The expression involves a weighted sum of distinct positive integers $f(1),\dots,f(n)$ with weights $1/k^2$, which decrease strictly with $k$. The right-hand side depends only on the first $n$ harmonic terms, suggesting that the extremal configuration occurs when the values $f(k)$ are as small as possible and aligned with the largest weights.

A natural first step is to examine whether replacing any value $f(k)>n$ with a missing value in ${1,\dots,n}$ can only decrease the sum. This suggests that any minimizing configuration must use exactly the set ${1,\dots,n}$.

Once this reduction is made, the problem becomes an optimization over permutations of ${1,\dots,n}$ under decreasing weights. The structure suggests an exchange argument: if two values are out of order relative to the weights, swapping them reduces the sum.

The main risk lies in justifying that replacing a large value with a missing small value is always possible and strictly decreases the sum, and in ensuring that repeated exchanges eventually produce the identity arrangement without increasing the sum.

Problem Understanding

This is a Type C problem: it requires determining a lower bound for a weighted sum depending on an injective function $f:{1,2,3,\dots}\to{1,2,3,\dots}$.

For each fixed $n$, the goal is to show that among the values $f(1),\dots,f(n)$, which are distinct positive integers, the smallest possible value of the sum $\sum_{k=1}^n \frac{f(k)}{k^2}$ is $\sum_{k=1}^n \frac{1}{k}$.

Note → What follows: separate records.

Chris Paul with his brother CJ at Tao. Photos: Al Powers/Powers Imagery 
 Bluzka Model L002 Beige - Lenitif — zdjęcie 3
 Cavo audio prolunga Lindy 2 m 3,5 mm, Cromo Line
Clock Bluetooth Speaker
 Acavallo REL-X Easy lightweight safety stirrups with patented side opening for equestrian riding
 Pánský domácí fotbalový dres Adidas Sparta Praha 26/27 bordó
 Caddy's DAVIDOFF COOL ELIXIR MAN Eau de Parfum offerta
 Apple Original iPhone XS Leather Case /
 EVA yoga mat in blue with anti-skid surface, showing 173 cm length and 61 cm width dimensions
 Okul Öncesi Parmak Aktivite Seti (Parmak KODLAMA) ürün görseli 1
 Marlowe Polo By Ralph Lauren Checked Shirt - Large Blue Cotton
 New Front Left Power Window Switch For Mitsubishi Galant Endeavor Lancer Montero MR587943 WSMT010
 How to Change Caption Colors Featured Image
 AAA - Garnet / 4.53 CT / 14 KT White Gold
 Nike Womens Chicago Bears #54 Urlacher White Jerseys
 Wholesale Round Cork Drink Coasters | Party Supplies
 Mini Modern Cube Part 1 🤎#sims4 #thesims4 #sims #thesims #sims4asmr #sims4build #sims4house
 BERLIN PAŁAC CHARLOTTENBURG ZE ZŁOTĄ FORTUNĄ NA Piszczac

The inequality is expected because the weights $1/k^2$ decrease with $k$, so placing smaller integers in positions with larger weights minimizes the sum. Injectivity prevents repetition, forcing competition among distinct integers and naturally aligning with ${1,\dots,n}$ in the optimal case.

The final statement is

$$\sum_{k=1}^{n} \frac{f(k)}{k^{2}} \geq \sum_{k=1}^{n} \frac{1}{k}.$$

Proof Architecture

Lemma 1 states that among all injective choices of $f(1),\dots,f(n)$, the minimum of $\sum_{k=1}^n \frac{f(k)}{k^2}$ is achieved when the set ${f(1),\dots,f(n)}$ equals ${1,\dots,n}$. The reason is that any value exceeding $n$ can be replaced by a missing smaller value without violating injectivity and strictly decreasing the sum.

Lemma 2 states that among all permutations of ${1,\dots,n}$, the minimum of $\sum_{k=1}^n \frac{f(k)}{k^2}$ occurs when $f(k)=k$ for all $k$. The reason is that swapping any inversion between larger assigned values and larger weights reduces the sum.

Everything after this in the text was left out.